Tug boats tow a semi-submersible drilling platform into the Gulf of Mexico on December 12, 2020 in Port Aransas, Texas. (Photo: Tom Pennington/Getty Images)

Climate Coalition to Biden and Schumer: Reject 'Fossil Fuel Expansion' in Manchin Deal

"Permitting new fossil fuel projects will further entrench us in a fossil fuel economy for decades to come," more than 350 environmental and social justice groups wrote in a new letter.

Kenny Stancil

A climate justice coalition sent a letter Friday imploring President Joe Biden and Senate Majority Leader Chuck Schumer to reject any proposed fossil fuel expansion during negotiations over the latest iteration of the Democratic Party's reconciliation bill.

"The unnecessary fracked gas Mountain Valley Pipeline and further drilling in Alaska and the Gulf are not foregone conclusions."

"Permitting new fossil fuel projects will further entrench us in a fossil fuel economy for decades to come—and constitutes a violent betrayal of your pledge to combat environmental racism and destruction," more than 350 organizations representing millions of people wrote to Biden and Schumer, the powerful Democrat from New York.

Any new fossil fuel projects, the groups added, will "lock workers into a dying industry and delay the growth in sectors that will support jobs of the future."

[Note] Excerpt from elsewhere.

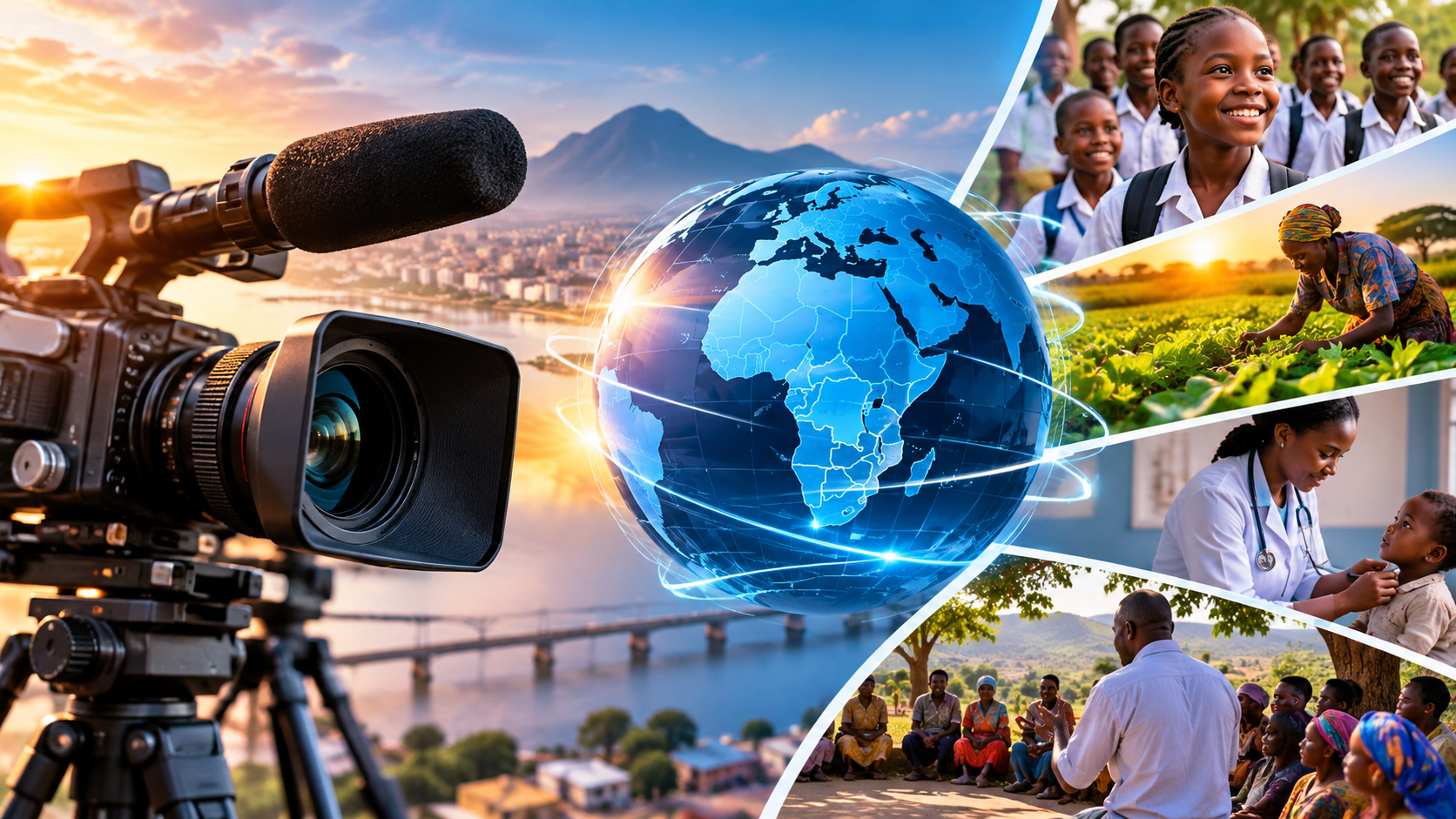 Une vision africaine d’avenir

The letter calling on Biden and Schumer to "hold the line against fossil fuel expansion" comes in the wake of this week's surprise announcement that conservative Democratic Sen. Joe Manchin (W-Va.) has agreed to support a filibuster-proof economic and climate package known as the Inflation Reduction Act (IRA).

While the IRA would unleash $369 billion in climate-related public funding over the next decade in the form of subsidies for clean energy production and tax incentives for carbon capture and other contentious technologies—an unprecedented sum yet a miniscule fraction of the nation's annual military spending—it also includes significant giveaways to Manchin's allies and financial backers in the oil and gas industry.

Some progressive campaigners have cautiously welcomed news of the spending deal that Manchin and Schumer say would reduce peak U.S. carbon emissions by 40% by 2030 while others have been more critical and vowed to fight the bill's most harmful provisions.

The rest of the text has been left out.